[RFC PATCH v4 00/40] mm: Memory Power Management

From: Srivatsa S. Bhat
Date: Wed Sep 25 2013 - 19:17:59 EST


Here is version 4 of the Memory Power Management patchset, which includes the
targeted compaction mechanism (which was temporarily removed in v3). So now
that this includes all the major features & changes to the Linux MM intended
to aid memory power management, it gives us a better picture of the extent to
which this patchset performs better than mainline, in causing memory power

Role of the Linux MM in influencing Memory Power Management:

Modern memory hardware such as DDR3 support a number of power management
capabilities - for instance, the memory controller can automatically put
memory DIMMs/banks into content-preserving low-power states, if it detects
that the *entire* memory DIMM/bank has not been referenced for a threshold
amount of time.
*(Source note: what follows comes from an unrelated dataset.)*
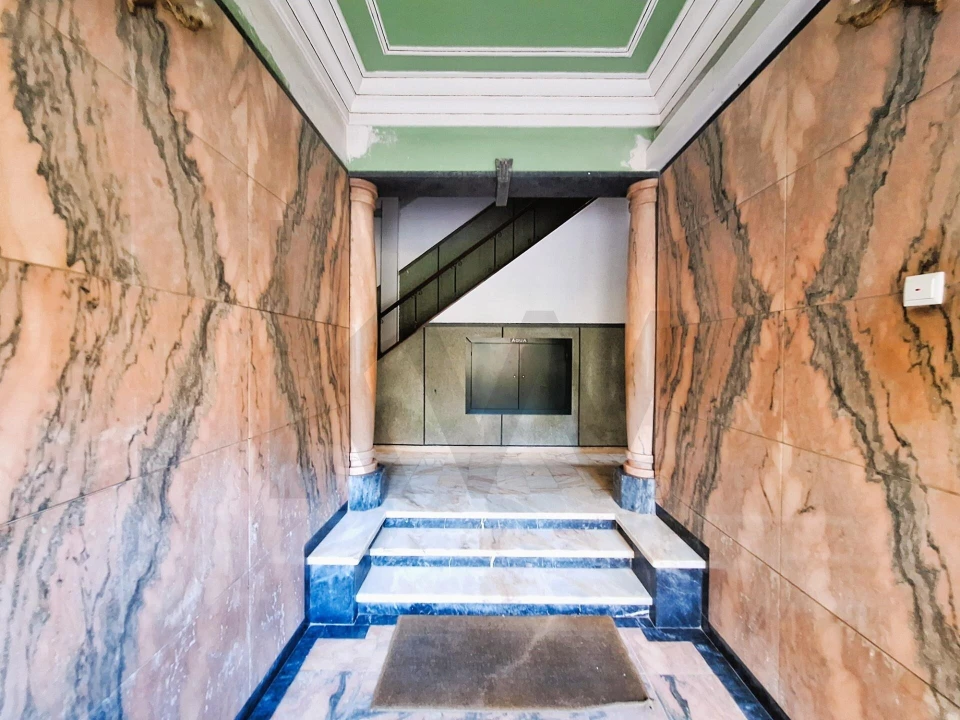 Apartamento T2 para Venda em Queluz e Belas Foto 2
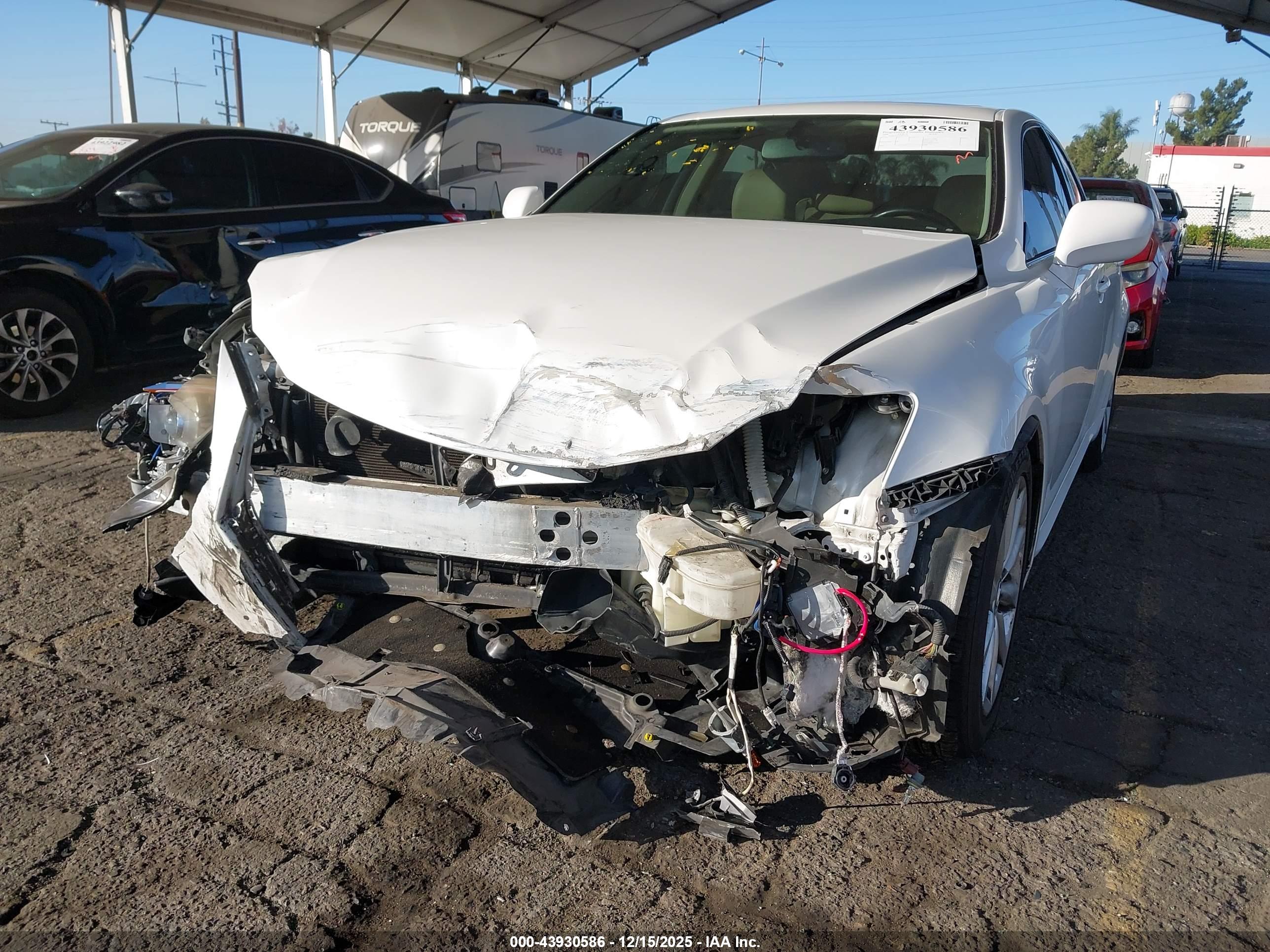 LEXUS IS image 6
This in turn reduces the energy consumption of the memory
hardware. We term these power-manageable chunks of memory as "Memory Regions".

To increase the power savings we need to enhance the Linux MM to understand
the granularity at which RAM modules can be power-managed, and keep the
memory allocations and references consolidated to a minimum no. of these
memory regions.

Thus, we can summarize the goals for the Linux MM as follows:

o Consolidate memory allocations and/or references such that they are not
spread across the entire memory address space, because the area of memory
that is not being referenced can reside in low power state.
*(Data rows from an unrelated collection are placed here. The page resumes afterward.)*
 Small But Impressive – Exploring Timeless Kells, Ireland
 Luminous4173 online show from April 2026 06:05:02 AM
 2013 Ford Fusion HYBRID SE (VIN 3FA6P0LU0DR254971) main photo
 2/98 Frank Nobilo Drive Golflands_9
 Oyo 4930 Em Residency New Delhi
o Support light-weight targeted memory compaction/reclaim, to evacuate
lightly-filled memory regions. This helps avoid memory references to
those regions, thereby allowing them to reside in low power states.
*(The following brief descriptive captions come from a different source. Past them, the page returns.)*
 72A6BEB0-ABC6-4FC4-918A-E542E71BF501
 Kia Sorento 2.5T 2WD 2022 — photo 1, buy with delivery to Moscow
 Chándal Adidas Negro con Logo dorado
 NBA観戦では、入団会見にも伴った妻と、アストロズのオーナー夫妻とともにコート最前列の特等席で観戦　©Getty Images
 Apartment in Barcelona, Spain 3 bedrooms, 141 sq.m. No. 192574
Brief overview of the design/approach used in this patchset:

The strategy used in this patchset is to do page allocation in increasing order
of memory regions (within a zone) and perform region-compaction in the reverse
order, as illustrated below.

---------------------------- Increasing region number---------------------->

Direction of allocation---> <---Direction of region-compaction

We achieve this by making 3 major design changes to the Linux kernel memory
manager, as outlined below.

1. Sorted-buddy design of buddy freelists

To allocate pages in increasing order of memory regions, we first capture
the memory region boundaries in suitable zone-level data-structures, and
modify the buddy allocator so as to maintain the buddy freelists in
region-sorted-order. This automatically ensures that page allocation occurs
in the order of increasing memory regions.

2. Split-allocator design: Page-Allocator as front-end; Region-Allocator as

Mixing of movable and unmovable pages can disrupt opportunities for
consolidating allocations. In order to separate such pages at a memory-region
granularity, a "Region-Allocator" is introduced which allocates entire memory
regions. The Page-Allocator is then modified to get its memory from the
Region-Allocator and hand out pages to requesting applications in
page-sized chunks. This design is showing significant improvements in the
effectiveness of this patchset in consolidating allocations to a minimum no.
of memory regions.

3. Targeted region compaction/evacuation

Over time, due to multiple alloc()s and free()s in random order, memory gets
fragmented, which means the memory allocations will no longer be consolidated
to a minimum no. of memory regions. In such cases we need a light-weight
mechanism to opportunistically compact memory to evacuate lightly-filled
memory regions, thereby enhancing the power-savings.

Noting that CMA (Contiguous Memory Allocator) does targeted compaction to
achieve its goals, this patchset generalizes the targeted compaction code
and reuses it to evacuate memory regions. A dedicated per-node "kmempowerd"
kthread is employed to perform this region evacuation.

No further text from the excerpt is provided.